Stressful household

I’ve only been married almost 2 years but it’s been stressful since a few months of being married. All due to the baggage that came with my husband. He has a child from another relationship and we had a great relationship but now it’s a living hell. She’s super mean and evil to me because of what her mom tells her to do to me. I hate it and as much as wanting to be strong I don’t want to be around her. I literally thought I would go live somewhere else instead of with them. I would find any excuse to leave the house so I don’t have to interact with his daughter. Literally she will say something rude or mean to me every 30-50minutes it’s annoying. Her dad is always for the most part in denial about her behavior and I’m honestly sick of it. I’ve never envisioned marriage would be depressing and stressful like this. I understand there will be hurdles that couples go through but I think the whole marriage has been that way. I don’t know how to fake being happy when I’m not in front of people. I really hate this. And to top it off, my husband feels like I got him in the situation that he’s in currently.
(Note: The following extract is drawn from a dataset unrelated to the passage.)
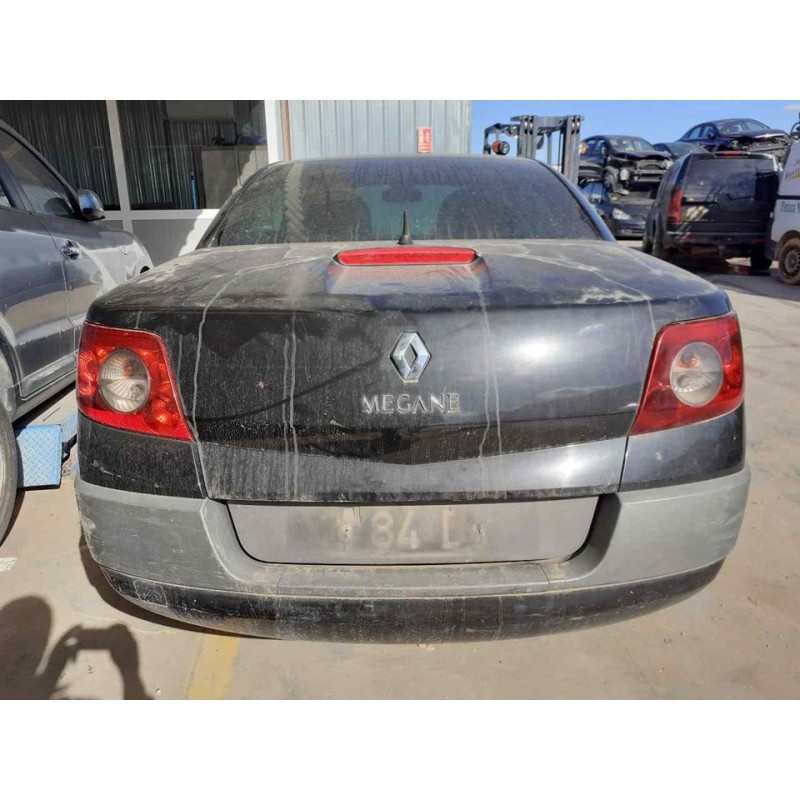 renault megane ii coupe/cabrio del año 2006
He’s made comments like “if u didn’t say this to the dummy then she wouldn’t have gotten mad and done this” “I know how to talk to people without making them angry”. I get this vibe from him that he doesn’t want me to be around when he’s going to court and when he’s dropping off and picking up his daughter.

I feel like our whole marriage revolves around his daughter and her numerous mental issues and her mothers stupidity and spitefulness.